Faros is not alone in experiencing this problem. Complaints have been frequent on the Elecraft reflector that when clicking on DX cluster spots in various programs the radio changes to the right frequency but is in the wrong mode. One of the reasons I wrote KComm specifically for the Elecraft radios was that I could make it work the way the radios work instead of being stuck with some generic logic. But there is nothing I can do about programs I didn't write. I wish that more ham radio applications were open source so you could fix problems like this yourself instead of having to ask a developer to make the necessary changes (and very often getting nowhere.)
5 comments:
I could not agree with you more Julian, there have been many times my K3 I thought had a problem. I would check the manual, cycle the radio on and off and in fact the rig was in a mode that I was using the day before. Another one that upsets me is the antenna A/B. More times than I can count I have changed bands and instead of being on my dipole in the attic I am on the vertical (that is not hooked up at the time) as that was the last antenna on that band. I key and the SWR is out of this world. I am used to looking for the A/B antenna setup now but at first it really threw me.
I agree about the antenna switching as well. Most of the time my B antenna is connected to my K2. I really would like an option to disable the unused port, not just to avoid the problem you mention but also to prevent accidental activations.
And why is it always the software that has to fix or work around the hardware's "features"? Personally, I'd consider a radio that changes modes to whatever I last used on the band to be obnoxious and overly protective. If I'm doing CW on one band and switch to another band, why should the hardware make assumptions about what I'm going to do on that new band?

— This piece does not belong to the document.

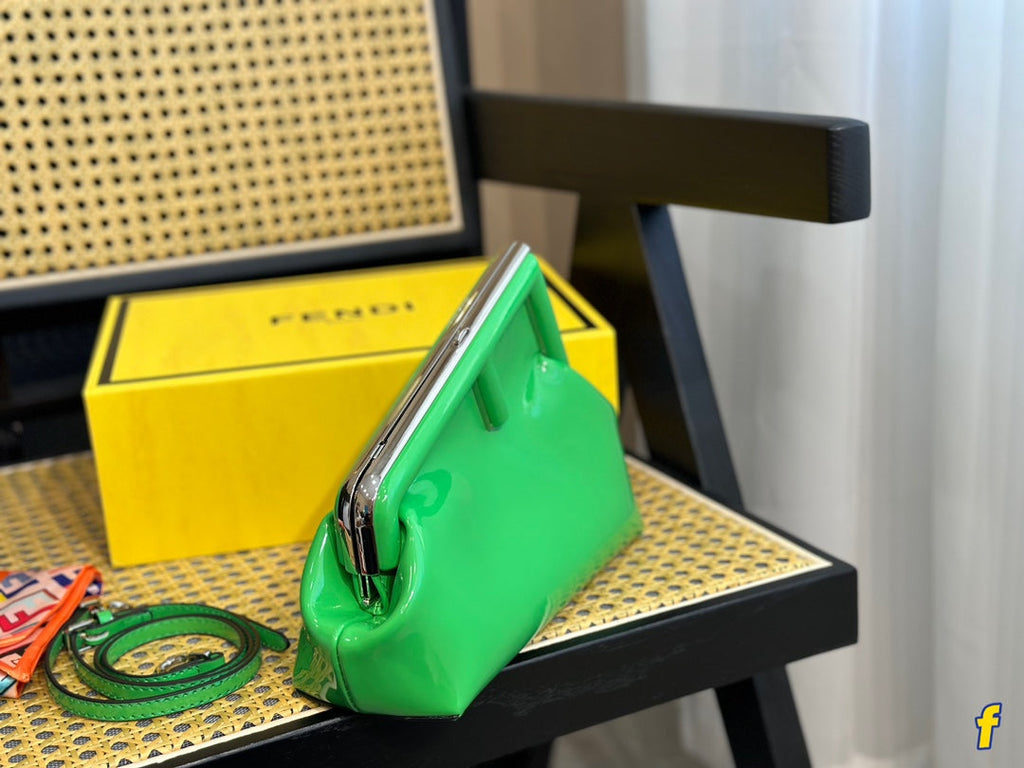 Luxury Bags Fendi 286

Which is more likely, that I'd want to do the mode I did the last time I was on that band or the mode I was doing just before the band switch. Personally, I believe it more "correct" to let the user at the controls control the radio and not be switching modes with the bands.
But then, software is always easier to change than hardware, so we programmers always get to pick up the slack and work around the hardware "features" (a euphemism for "defects").
Just my $0.02 for whatever it's worth these days...
On re-reading, I should have worded that like...
"This is totally bonkers logic because no" HARDWARE "worth its salt should make assumptions about the" SOFTWARE "so when changing the frequency is should" ONLY CHANGE THE FREQUENCY AND NOT "set the mode" which was NOT requested by the software.
Oh I totally agree. Whether it's hardware or software any device or program that tries to second guess what I want to do gets it wrong at least 50% of the time and is unintuitive. For example why do so many programs assume if I click in an edit box containing text that I want the entire text selected, so that as soon as I type it replaces the entire text instead of inserting where I clicked. If I click in an edit box I'm trying to insert the cursor there. That's all.